The problem with analysts is that nobody tracks the accuracy of their predictions. Just because somebody appears on the financial segment of TV doesn’t mean they know what they’re talking about. Since Apple released the Apple Watch, pundits have claimed it’s failing and a flop. Yet they fail to define exactly what is a flop.
Let’s look at some real flops. Microsoft introduced the Zune music player in 2006 to compete against Apple’s iPod. On year later, Apple made the iPod obsolete by releasing the iPhone. Although the Zune attracted a small following, it never displaced the iPod and with the introduction of the iPhone, the entire music player market faded, taking the iPod and Zune down with it.
In 2010 Microsoft introduced the Kin phone to compete against the iPhone. Two months later they killed the Kin.
In 2002 Microsoft introduced the Tablet PC, yet sales remained soft until Apple redefined the tablet market with the introduction of the iPad.
The Zune failed not because it wasn’t any good, but because it arrived too late in a market that whose days were numbered one year later with the introduction of the iPhone. In this case, failure occurred because fewer people wanted a dedicated music player.
The Kin failed because it was far too limited compared to the iPhone.
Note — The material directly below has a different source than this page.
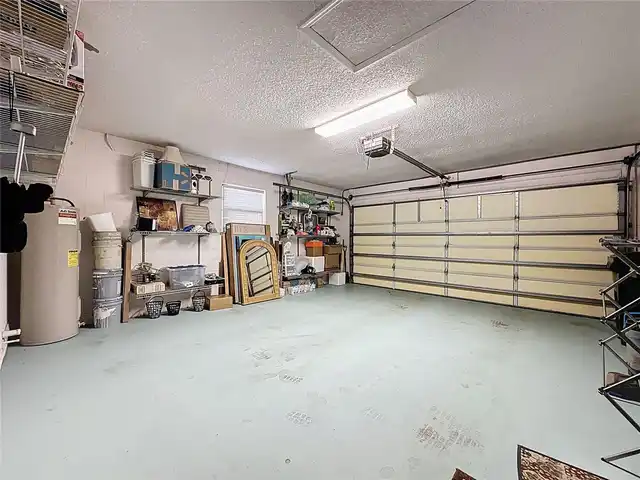 Listing Photo 32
The Tablet PC failed despite an eight year head start in the tablet market. Once again, sales were soft for years despite little competition from any other non-Windows tablet manufacturers. The biggest problem with Tablet PC designs was that they were expensive and heavy with almost no software designed to take advantage of their tablet form. Although manufacturers continued selling Tablet PCs despite sluggish sales, the Tablet PC design never caught on. In this case, the Tablet PC failed because few people bought and used them and few developers wrote software specifically for them (including Microsoft).
Failure can come in multiple forms:
- The product is good but the market is gone (Zune)
- The product isn’t any good (Kin and Tablet PC)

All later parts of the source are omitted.